BABA PASHMAN, Iran, Apr 1 (Reuters) All that remained of Parviz Lashani's two-storey home was the facade. Yet it was still the only structure in his village that even vaguely resembled a building after yesterday's earthquake in Iran.

''I am happy that I am at least alive, but look at my life, what have I got left,'' said 35-year-old Lashani, who survived with his wife and two children.

The rest of his village of Baba Pashman, near the epicentre of the quake in the western province of Lorestan, had been turned into heaps of mud and masonry. Hardly a wall was intact.

The quake measured 6.0 on the Richter scale.

Iran is crisscrossed with seismic fault lines, and in the past earthquakes causing such devastation have often killed hundreds or even thousands.

Some 31,000 people died in 2003 when an earthquake struck Bam, 1,000 km southeast of Tehran.

But this time, Lashani, his family and thousands of others had a lucky escape.

Hours before the main quake, weaker tremors had frightened many residents out of their homes to spend a cold night under the stars.

''We were outside, of course, because we were so scared. We were lucky that we did not go back in,'' said Lashani.

A provincial official said the overall death toll was 70 by yesterday evening and wasn't expected to rise much further.

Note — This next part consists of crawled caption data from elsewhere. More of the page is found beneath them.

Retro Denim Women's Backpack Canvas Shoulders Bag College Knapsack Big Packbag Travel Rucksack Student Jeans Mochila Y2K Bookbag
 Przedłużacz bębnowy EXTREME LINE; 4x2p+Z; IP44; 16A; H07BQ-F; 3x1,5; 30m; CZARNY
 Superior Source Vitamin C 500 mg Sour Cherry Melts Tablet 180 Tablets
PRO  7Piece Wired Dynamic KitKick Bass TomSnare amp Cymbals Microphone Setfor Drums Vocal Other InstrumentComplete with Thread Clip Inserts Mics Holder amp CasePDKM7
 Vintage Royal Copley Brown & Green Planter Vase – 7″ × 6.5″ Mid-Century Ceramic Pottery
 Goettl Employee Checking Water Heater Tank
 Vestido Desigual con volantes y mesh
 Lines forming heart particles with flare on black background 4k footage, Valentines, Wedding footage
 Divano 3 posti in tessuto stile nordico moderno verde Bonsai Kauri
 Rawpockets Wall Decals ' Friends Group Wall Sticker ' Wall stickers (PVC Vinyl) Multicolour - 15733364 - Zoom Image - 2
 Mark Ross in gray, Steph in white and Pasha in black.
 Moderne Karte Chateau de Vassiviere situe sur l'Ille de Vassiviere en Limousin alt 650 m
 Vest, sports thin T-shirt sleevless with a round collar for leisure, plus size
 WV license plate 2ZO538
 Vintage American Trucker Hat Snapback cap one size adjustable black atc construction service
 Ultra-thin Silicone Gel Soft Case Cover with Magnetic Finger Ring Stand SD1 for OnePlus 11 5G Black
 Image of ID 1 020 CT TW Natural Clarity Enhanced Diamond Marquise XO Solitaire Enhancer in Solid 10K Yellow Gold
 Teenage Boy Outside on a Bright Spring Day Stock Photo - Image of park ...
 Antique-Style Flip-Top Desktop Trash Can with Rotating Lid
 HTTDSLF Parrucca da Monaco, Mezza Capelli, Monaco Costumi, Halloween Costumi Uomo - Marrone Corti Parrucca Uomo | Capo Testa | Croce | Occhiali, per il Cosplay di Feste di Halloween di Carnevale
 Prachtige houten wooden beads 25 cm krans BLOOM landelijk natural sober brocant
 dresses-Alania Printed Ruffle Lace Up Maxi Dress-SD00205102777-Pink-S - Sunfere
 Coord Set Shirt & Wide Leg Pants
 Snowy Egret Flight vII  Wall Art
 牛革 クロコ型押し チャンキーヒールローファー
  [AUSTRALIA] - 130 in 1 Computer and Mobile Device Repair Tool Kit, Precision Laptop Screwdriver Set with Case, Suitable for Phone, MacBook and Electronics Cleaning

Lashani's village housed about 500 or 600 people, and residents said only two had died.

PULLED OUT It might have been three, if 80-year-old Mohammad Mirza Mousivand hadn't got up to carry out his ablutions in the outside bathroom before early morning prayers, moments before the big jolt.

He had stayed in his home even after the earlier tremors.

As it was, his grandchildren had to pull him out of the rubble of the small outhouse, nursing a broken arm.

But that rescue operation would have been impossible if he had been buried under his ruined home, said his grandson, 21-year-old Farhad Mousivand. ''I took my grandfather to the hospital this morning,'' he said.

Not everyone escaped unscathed, however.

In the village of Garaj, 42-year-old Moussa Shaban spent the night outside with his wife and six children, but his aging mother refused to leave her house.

''I told her to come out, I said 'Don't stay inside tonight, it's dangerous'. But she said 'No, the earthquake is over','' he said, standing next to his shattered home.

And many were wondering how they could rebuild their lives after losing all their possessions under the masonry.

''I am happy because my family is alive, but I don't know what to do (now),'' said Abdollah Papi, 35, staring at his collapsed family home in the village of Araban.